Шмелев вдруг произнес, словно высказал заветное:
— Революция взбаламутила государство, поднялась со дна всякая нечисть. По вкусу им пришелся лозунг: «Грабь награбленное». Все лодыри остервенело ненавидят талантливых и предприимчивых. Эта голытьба согласна стать еще беднее, лишь бы не было богатых. Пусть все станут нищими — вот это им по вкусу!
Бунин вздохнул:
— Да-с! Это мне анекдот напомнило, который однажды рассказал Аверченко. Вытащил старик золотую рыбку, а та взмолилась:
— Отпусти меня, старче! Я сделаю все, что ты захочешь. Но только помни: твоему соседу будет в два раза больше.
Старик тут же наказал:
— Сделай так, чтоб у меня глаз вытек!
Собеседники немного развеселились.
Где-то часы пробили полночь.
Для России начался новый, роковой день.
УБИЙСТВО НА БОЛОТНОМ РЫНКЕ
1
Утром Бунин проснулся рано. Состояние духа — это как ртуть к термометре. Упав до самой низкой отметки, она ниже падать не может. Может только повышаться. Вот и сегодня, воспрянув от ложа, он почувствовал если не душевный подъем, то все же какое-то умиротворение.
Ополоснулся, за неимением другой, ледяной водой, долго растирал свое красивое тело махровым полотенцем. Особенно изящны, как с классической скульптуры, были руки и плечи.
Когда жена принесла ему с кухни завтрак, то Бунин, уже успевший раскрыть том Толстого, воскликнул:
— Ты послушай, что он пишет: «Бог дал мне все, чего может желать человек: богатство, имя, ум, благородные стремления. Я хотел наслаждаться и затоптал в грязь все, что было во мне хорошего». Это «Маркер».
До чего все это приложимо к нашему положению! Бог дал России бесконечные земные просторы, богатые недра, талантливый народ… И вот ныне все затоптано в грязь!

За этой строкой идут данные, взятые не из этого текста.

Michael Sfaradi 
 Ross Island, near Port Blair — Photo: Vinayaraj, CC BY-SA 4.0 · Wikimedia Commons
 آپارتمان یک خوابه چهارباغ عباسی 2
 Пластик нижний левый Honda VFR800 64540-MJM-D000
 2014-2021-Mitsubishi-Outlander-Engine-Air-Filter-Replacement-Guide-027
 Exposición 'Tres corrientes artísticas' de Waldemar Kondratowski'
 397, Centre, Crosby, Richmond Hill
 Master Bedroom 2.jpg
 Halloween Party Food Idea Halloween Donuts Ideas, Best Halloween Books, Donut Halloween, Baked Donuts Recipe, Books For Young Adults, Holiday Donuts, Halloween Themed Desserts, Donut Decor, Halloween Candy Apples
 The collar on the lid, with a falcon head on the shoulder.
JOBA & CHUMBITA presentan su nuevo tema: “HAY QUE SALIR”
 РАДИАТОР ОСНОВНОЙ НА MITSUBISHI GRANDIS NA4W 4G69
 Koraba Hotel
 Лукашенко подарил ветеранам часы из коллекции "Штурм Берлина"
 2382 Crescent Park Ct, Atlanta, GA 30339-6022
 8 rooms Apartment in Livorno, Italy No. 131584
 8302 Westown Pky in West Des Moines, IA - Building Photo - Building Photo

— Это поправится, Ян. Вот сегодня Учредительное…
Бунин взорвался:
— Да что вам всем это собрание! Я, конечно, понимаю, что прикованный к тачке каторжник ежедневно лелеет в душе надежду на помилование. Большевики приковали к тачке всю Россию, всех сделали нас каторжниками…
— Но Учредительное…
— Что Учредительное? Ну придут к власти не большевики, а эсеры. Что изменится? Будут те же грабежи и убийства. Народ— не весь, а в худшей своей части — распоясался, озверел. Все эти революционеры сознательно будили его темные инстинкты.
За окном занималось новое утро. С улицы раздались грубые голоса. Там явно над чем-то потешались. Потом тишину раннего утра разрезал выстрел, другой. И все это сопровождалось птичьим клекотом и диким грубым хохотом осипших глоток.
Бунин осторожно выглянул в окно. Несколько пехотных солдат в серых грязных шинелях стреляли в ворон. Мертвые птицы валялись под деревом. Одна из птиц, недобитая, отчаянно крутилась на снегу, волоча за собой кишки и беззвучно широко раскрывая клюв.